NSA snoops on credit card transactions, says report
The agency reportedly has a special division that monitors international banking and credit card transactions, says Germany's Der Spiegel.
"Follow the Money" is not just a catchphrase but an actual branch within the National Security Agency that spies on payments processed by Visa and others, according to Der Spiegel.
Citing documents from 2010 leaked by former NSA contractor Edward Snowden, the German news magazine reported Monday that the "Follow the Money" division funnels the data it gathers into its own financial database. In 2011, that database held 180 million records, with 84 percent of them credit card transactions.
In response to a request for comment, an NSA spokesperson sent the following statement to CNET:
The U.S. Government acquires information about economic and financial matters to combat a range of threats to the national security of the United States and its allies, including information about terrorist financing and terror networks. This information is collected through regulatory, law enforcement, diplomatic, and intelligence channels, as well as through undertakings with cooperating foreign allies and partners.
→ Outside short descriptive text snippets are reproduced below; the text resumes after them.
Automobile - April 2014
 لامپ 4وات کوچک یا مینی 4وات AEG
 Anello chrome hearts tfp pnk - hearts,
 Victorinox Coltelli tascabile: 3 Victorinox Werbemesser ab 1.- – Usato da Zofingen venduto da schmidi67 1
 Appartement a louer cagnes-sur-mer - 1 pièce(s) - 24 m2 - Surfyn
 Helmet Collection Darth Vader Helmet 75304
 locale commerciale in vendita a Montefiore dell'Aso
The NSA examines the transactions of customers of large credit companies such as Visa as part of its overall surveillance, Der Spiegel said. Specifically, the agency looks for international ties by targeting Visa customers in Europe, the Middle East, and Africa.
In response to the findings, a Visa spokesperson issued the following statement to Der Spiegel:
We are not aware of any unauthorized access to our network. Visa takes data security seriously and, in response to any attempted intrusion, we would pursue all available remedies to the fullest extent of the law. Further, its Visa's policy to only provide transaction information in response to a subpoena or other valid legal process.
Even fellow members of the intelligence community have expressed concerns about the NSA's tracking of financial transactions, Der Spiegel noted. UK intelligence agency GCHQ, which has worked with the NSA, said in a document that the data collection involved "bulk data" full of "rich personal information," much of which "is not about our targets."